Most important for the Clinton campaign was a decisive win in the Ohio primary which has historically been a bellwether for how candidates perform in a general election.

No candidate in the last five or so decades, Democrat or Republican, has lost the Ohio primary and gone on to win in November, a bit of trivia that Hillary Clinton was not remiss to point out in her victory speech last night.

After enduring a brutal string of eleven straight losses, Clinton played the comeback kid in Ohio citing her wins in Democratic strongholds and continuing to play up her leadership credentials as she spoke to an enthusiastic crowd of supporters.

Not only did a clearly renewed Clinton vow to fight on in her quest to win the Democratic nomination, she sounded a note of optimism and certainty that has not been heard from her campaign in weeks.

Senator Barack Obama, on the other hand, brushed off his losses in a speech to supporters in San Antonio, Texas where most of his comments were addressed to John McCain who last night secured the Republican nomination with wins in every major Republican contest.

Focusing more on policy than rhetoric, Obama’s words suggested that he was not shaken by the evening’s losses, while simultaneously reassuring his supporters that his campaign would prevail in the end.

As of press time, Barack Obama was leading in Texas caucuses, which could result in Senator Obama winning more delegates than Senator Clinton once the final votes have been tallied.

That will however not be enough to stop the Clinton campaign from claiming bragging rights in the days ahead.

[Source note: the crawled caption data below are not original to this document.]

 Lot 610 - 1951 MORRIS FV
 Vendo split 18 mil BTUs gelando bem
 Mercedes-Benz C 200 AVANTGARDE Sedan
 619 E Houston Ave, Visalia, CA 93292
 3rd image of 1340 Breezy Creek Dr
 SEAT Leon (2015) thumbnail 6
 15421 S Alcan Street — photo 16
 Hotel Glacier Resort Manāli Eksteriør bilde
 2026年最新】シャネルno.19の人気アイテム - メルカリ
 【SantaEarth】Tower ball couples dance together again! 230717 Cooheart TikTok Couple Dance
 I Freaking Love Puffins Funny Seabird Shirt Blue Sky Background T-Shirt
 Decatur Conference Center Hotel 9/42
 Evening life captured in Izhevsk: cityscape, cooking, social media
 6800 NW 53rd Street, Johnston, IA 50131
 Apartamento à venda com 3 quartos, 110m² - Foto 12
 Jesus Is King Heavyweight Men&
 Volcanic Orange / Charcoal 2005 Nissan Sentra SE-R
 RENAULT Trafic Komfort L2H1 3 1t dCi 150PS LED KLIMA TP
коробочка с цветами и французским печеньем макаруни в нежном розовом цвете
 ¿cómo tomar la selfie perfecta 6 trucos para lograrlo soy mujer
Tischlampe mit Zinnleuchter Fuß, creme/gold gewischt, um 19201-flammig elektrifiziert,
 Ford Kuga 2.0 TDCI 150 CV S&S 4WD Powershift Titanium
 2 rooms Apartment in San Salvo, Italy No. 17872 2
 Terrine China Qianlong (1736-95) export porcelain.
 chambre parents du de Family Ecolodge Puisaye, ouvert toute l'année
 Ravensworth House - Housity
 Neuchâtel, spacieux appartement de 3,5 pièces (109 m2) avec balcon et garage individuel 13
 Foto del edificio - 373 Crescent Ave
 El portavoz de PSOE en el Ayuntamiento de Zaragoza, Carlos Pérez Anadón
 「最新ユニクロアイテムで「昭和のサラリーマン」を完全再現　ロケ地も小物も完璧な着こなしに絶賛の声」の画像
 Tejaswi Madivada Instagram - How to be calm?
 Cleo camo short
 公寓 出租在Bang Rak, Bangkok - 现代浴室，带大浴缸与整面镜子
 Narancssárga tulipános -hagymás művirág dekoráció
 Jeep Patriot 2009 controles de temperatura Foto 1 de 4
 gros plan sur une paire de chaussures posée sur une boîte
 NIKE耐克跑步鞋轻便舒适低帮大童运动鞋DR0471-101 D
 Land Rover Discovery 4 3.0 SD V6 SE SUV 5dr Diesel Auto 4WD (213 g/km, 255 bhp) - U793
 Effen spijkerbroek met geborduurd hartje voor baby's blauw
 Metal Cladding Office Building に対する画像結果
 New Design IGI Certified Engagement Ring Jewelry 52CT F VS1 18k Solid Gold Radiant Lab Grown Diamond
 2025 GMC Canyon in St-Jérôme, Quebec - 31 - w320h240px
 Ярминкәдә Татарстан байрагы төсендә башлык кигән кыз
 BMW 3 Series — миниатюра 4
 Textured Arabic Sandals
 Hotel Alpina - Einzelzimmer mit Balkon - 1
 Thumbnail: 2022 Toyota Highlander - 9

So again, in what is becoming an increasingly common refrain during this election cycle, an evening that held the promise of crowning a Democratic nominee, ended in an upset.

With Hillary Clinton on the ropes, Barack Obama was unable to score a knockout punch, just as Clinton lived up to her campaign promise of being a fighter by battling back to within a hair of winning the Democratic nomination.

The good news for Hillary Clinton was that she recaptured her base.

Older voters, Latinos, white voters and voters who decided in the final days leading up to the primary, all favoured Hillary Clinton by significant margins.

Similarly, Barack Obama held on to his base winning among younger voters, African-Americans and more liberal voters.

The bad news for the Obama campaign was that the inroads they had been believed to be making with Senator Clinton’s core simply didn’t hold in last night’s contests, which will again raise questions about the junior Senator from Illinois’ electability in a general campaign.

The other piece of bad news for the Obama campaign is that pundits are speculating that Barack Obama may have a ‘glass jaw’ because of his campaign’s miscalculation regarging attacks from the Clinton campaign over the Senator’s involvement with indicted real estate developer Tony Rezko and the much publicised leak of a memo from an Obama staffer where a Canadian official was assured that Senator Obama’s tough talk about NAFTA was merely ‘political positioning.’

Many are now saying it is incumbent upon Senator Obama to find a way to address this new wave of attacks without going negative as he has said he would not do.

Next it’s on to Wyoming on Saturday and Mississippi on March 11th, both areas where Barack Obama is favoured to win.

The next major contest thereafter will be Pennsylvania on April 22nd, another Clinton firewall where Governor Ed Rendell has thrown his support behind Hillary Clinton.

All of which suggests that five weeks from now, we may well be no closer to knowing who the Democratic nominee is than we are today.